Seules sont produites des attestations d’assurance de monsieur [Y] auprès de la MAF jointes aux contrats de maîtrise d''uvre .
Toutefois La MAF ne conteste pas être l’assureur de responsabilité professionnelle de monsieur [H] [Y].
Elle sera en conséquence condamnée à garantir celui-ci de la condamnation prononcée à son encontre .
Sur les autres demandes :
Le jugement de première instance étant confirmé quant au principe de la responsabilité du promoteur et du maître d''uvre, il n’y a pas lieu de modifier ses dispositions relatives aux dépens et à l’application de l’article 700 du code de procédure civile.
Parties perdantes , la SCI [Localité 1] d’une part, monsieur [H] [Y] garanti par la MAF d’autre part , seront condamnés in solidum aux dépens et à payer à monsieur [K] [U] une somme de 3000 euros en application de l’article 700 du code de procédure civile .

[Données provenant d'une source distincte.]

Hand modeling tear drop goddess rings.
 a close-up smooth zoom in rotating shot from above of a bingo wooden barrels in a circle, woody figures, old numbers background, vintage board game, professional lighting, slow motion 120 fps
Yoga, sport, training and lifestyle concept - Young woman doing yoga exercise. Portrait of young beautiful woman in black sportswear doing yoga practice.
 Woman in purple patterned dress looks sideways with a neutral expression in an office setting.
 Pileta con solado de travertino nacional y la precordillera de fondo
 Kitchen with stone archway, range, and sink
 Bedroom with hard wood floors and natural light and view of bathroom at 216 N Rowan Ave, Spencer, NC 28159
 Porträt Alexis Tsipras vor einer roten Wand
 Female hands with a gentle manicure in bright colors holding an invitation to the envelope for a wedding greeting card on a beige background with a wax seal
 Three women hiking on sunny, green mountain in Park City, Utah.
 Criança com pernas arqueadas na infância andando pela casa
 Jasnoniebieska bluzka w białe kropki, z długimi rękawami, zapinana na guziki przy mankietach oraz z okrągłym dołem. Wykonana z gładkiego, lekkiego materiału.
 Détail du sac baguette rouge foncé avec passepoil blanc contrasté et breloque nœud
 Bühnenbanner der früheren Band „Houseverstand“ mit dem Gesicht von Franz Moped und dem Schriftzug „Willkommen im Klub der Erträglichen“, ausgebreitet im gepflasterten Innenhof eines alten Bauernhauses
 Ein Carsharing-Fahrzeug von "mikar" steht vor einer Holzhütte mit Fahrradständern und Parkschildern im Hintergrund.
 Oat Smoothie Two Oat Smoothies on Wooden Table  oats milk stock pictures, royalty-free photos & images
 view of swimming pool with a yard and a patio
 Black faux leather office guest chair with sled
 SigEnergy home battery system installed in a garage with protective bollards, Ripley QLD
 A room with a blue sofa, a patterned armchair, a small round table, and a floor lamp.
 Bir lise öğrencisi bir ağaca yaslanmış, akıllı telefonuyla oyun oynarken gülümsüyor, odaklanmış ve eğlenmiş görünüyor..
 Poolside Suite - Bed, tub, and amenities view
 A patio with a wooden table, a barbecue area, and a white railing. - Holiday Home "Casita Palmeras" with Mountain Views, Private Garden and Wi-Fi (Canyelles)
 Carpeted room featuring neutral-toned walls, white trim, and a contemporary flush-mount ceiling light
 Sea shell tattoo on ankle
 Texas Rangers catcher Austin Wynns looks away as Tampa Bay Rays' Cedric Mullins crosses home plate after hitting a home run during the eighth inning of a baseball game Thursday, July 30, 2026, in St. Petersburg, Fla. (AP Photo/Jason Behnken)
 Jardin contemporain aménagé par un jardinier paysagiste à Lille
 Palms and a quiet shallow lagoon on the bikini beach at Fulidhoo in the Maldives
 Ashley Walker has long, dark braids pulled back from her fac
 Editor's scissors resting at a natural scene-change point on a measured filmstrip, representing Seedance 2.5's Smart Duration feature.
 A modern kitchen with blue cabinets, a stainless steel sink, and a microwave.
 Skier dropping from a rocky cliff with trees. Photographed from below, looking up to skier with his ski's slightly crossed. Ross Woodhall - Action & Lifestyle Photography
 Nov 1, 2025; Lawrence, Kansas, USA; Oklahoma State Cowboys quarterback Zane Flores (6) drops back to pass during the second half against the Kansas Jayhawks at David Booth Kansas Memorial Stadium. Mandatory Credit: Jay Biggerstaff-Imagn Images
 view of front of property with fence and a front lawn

L’équité commande par ailleurs de les condamner in solidum à payer au syndicat des copropriétaires Les calanques de [Localité 1] et à l’ASL Les calanques [Localité 1] d’une part , au syndicat des copropriétaires de la [Adresse 1] d’autre part, à la SCI [Localité 1] une somme de 1500 euros en application de l’article 700 du code de procédure civile.
PAR CES MOTIFS
Statuant publiquement, contradictoirement et par mise à disposition au greffe :
Dit irrecevable l’exception d’incompétence invoquée par la MAF
Dit mal fondée l’exception d’irrecevabilité à défaut de conciliation préalable invoquée par la Maf
Dit irrecevables les demandes dirigées contre le syndicat des copropriétaires de l’immeuble Les Calanques de [Localité 1] , l’ASL Les Calanques de [Localité 1] et le syndicat des copropriétaires de la résidence [Adresse 1].
Confirme le jugement du 02 septembre 2021 du tribunal judiciaire de Draguignan sauf en ce qu’il :
— condamne la SCI [Localité 1] [Adresse 2] dans le délai de deux mois à compter de la signification du jugement à mettre en conformité l’implantation du bassin de rétention des eaux pluviales avec les plans annexés au contrat de vente en état futur d’achèvement conclu par [K] [U] selon réservation du 27 juin 2016 et acte authentique de vente du 30 décembre 2016, au besoin en remblayant le talus situé en limite du jardin du requérant, et en procédant au préalable à une étude technique afin de garantir la sécurité des travaux réalisés.
— dit que passé ce délai et faute pour elle de s’exécuter , la SCI [Localité 1] [Adresse 2] sera condamnée à payer à [K] [U] la somme de 150€ par jour de retard et ce jusqu’à l’expiration d’un délai de 6mois suivant la signification du jugement.
Statuant à nouveau sur ce point ,
Déboute monsieur [K] [U] de sa demande de mise en conformité de l’implantation du bassin de rétention des eaux pluviales avec les plans annexés au contrat de vente en état futur d’achèvement conclu par [K] [U] selon réservation du 27 juin 2016 et acte authentique de vente du 30 décembre 2016, au besoin en remblayant le talus situé en limite du jardin du requérant, et en procédant au préalable à une étude technique afin de garantir la sécurité des travaux réalisés.
Y ajoutant ,
Condamne in solidum la SCI [Localité 1] [Adresse 2] et monsieur [H] [Y] garanti par son assureur La MAF à payer les sommes suivantes en application de l’article 700 du code de procédure civile:
-3000 euros à monsieur [K] [U]
-1500 euros au syndicat des copropriétaires Les calanques de [Localité 1] et à l’ASL Les calanques [Localité 1] ensemble,
-1500 euros au syndicat des copropriétaires de la résidence [Adresse 1] ,
-1500 euros à la SCI [Localité 1] [Adresse 2]
Condamne in solidum la SCI [Localité 1] [Adresse 2] et monsieur [H] [Y] garanti par son assureur La Maf aux dépens dont distraction au profit des avocats qui en ont fait l’avance .
Signé par Madame Inès BONAFOS, Présidente et Mme Patricia CARTHIEUX, greffière auquel la minute de la décision a été remise par le magistrat signataire.